This article is for comments to: https://docs.greatexpectations.io/en/latest/how_to_guides/creating_batches/how_to_load_data_from_s3_for_validation_with_pandas_as_a_batch.html
Please comment +1 if this How to is important to you.
This article is for comments to: https://docs.greatexpectations.io/en/latest/how_to_guides/creating_batches/how_to_load_data_from_s3_for_validation_with_pandas_as_a_batch.html
Please comment +1 if this How to is important to you.
+1
I don’t see how to define s3 datasource in 0.11.0 so that it works.
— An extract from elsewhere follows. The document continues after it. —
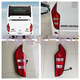 Yusen Yiyutong Accessoires Bus Heck Rücklicht ZK6876ZK6916ZK6976ZK6996ZK6109ZK6118ZK6119 Rechte Co-Pilot-Auxiliär-Fabrikteile 00097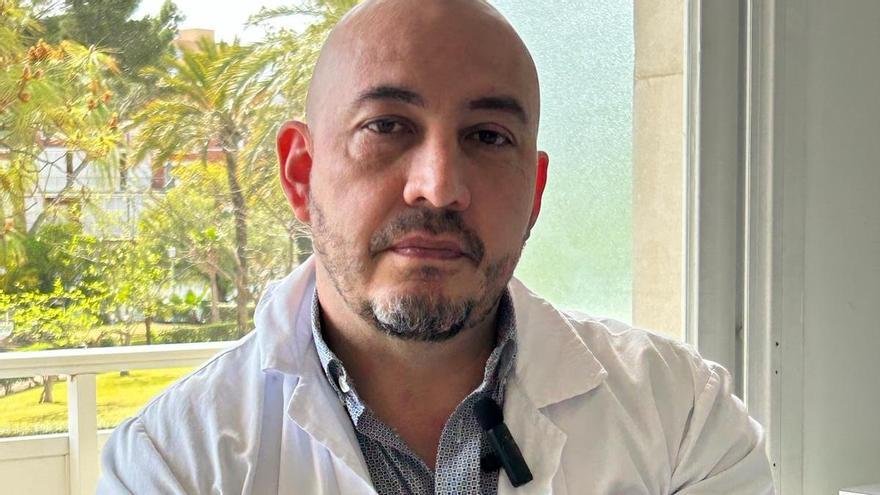 Dr. Alejandro La Rotta, alergólogo y coordinador del Servicio de Alergología del Hospital Juaneda Miramar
I have (multiple versions of):
devices_s3:
batch_kwargs_generators:
s3gen:
class_name: S3GlobReaderBatchKwargsGenerator
bucket: mybucket/
reader_method: parquet
assets:
device_ip_sample:
prefix: device_ip_sample/
regex_filter: .*
dictionary_assets: True
module_name: great_expectations.datasource
data_asset_type:
module_name: great_expectations.dataset
class_name: SparkDFDataset
class_name: SparkDFDatasource
but great_expectations datasource profile devices_s3
gives me this error:
Unrecognized batch_parameter(s): {'data_asset_name'}
(...omitted errors...)
File "/home/kris/anaconda3/lib/python3.7/site-packages/great_expectations/datasource/batch_kwargs_generator/s3_batch_kwargs_generator.py", line 208, in _build_batch_kwargs
"s3": "s3a://" + self.bucket + "/" + key,
TypeError: can only concatenate str (not "dict") to str
Thanks for your help!
@krisp we’ll work on reproducing this! Thanks for the report. Just to confirm is this on version 0.11.0?
@krisp -> Have you confirmed the version by chance? I believe this was an issue that is now fixed…